The protocol realized and the membranes tested allowed an interesting fractionation of bioactive compounds that are present in the Muérdago fruit and generate considerable permeate flux. Some phenolics were highly retained by the membranes tested, while some amino acids permeated them progressively and selectively (aspartic acid, proline, tryptophan, valine, leucine, isoleucine, methionine, arginine), as the solution was continuously reconstituted. Tryptophan was found only in the DL permeate fractions. These DL permeate fractions contained also the phenolics quinic acid, 3-CQA, cryptochlorogenic acid, chlorogenic acid, and p-coumaric acid. On the other hand, whereas leucine and isoleucine permeated only the membrane NFW, the amino acids methionine and arginine were found only in the NDX permeate fractions. The NFW permeates contain the phenolics quinic acid, 3-CQA, ferulic acid, cryptochlorogenic acid, chlorogenic acid, and coumaric acid. The NDX permeates contain mainly the phenolics 3-CQA and ferulic acid.
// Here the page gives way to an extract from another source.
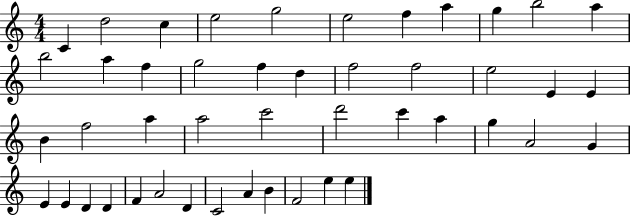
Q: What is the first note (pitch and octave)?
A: C4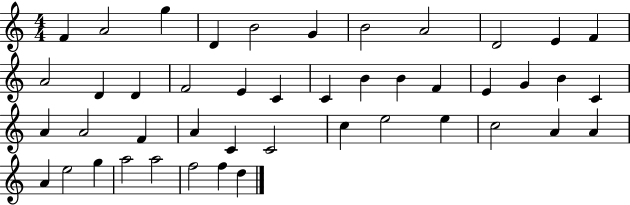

Membrane fouling was observed during each membrane treatment carried out, but it was successfully removed from each membrane after a chemical cleaning treatment and recovered the initial performance. It was observed that the DL membrane allows higher permeate flux at lower TMP values than the NFW and the NDX ones. The DL membrane also allows the more important permeation amounts of total compounds, followed by the NFW membrane and then by the NDX membrane. Permeate fractions of great interest to the food and pharmaceutical industries were obtained and are suitable for process optimization and scale-up. Membrane technology shows promising applicability for the extraction of metabolites from numerous fruit and vegetable juices. Nevertheless, each different process must be carefully studied and optimized in terms of performance and membrane fouling formation.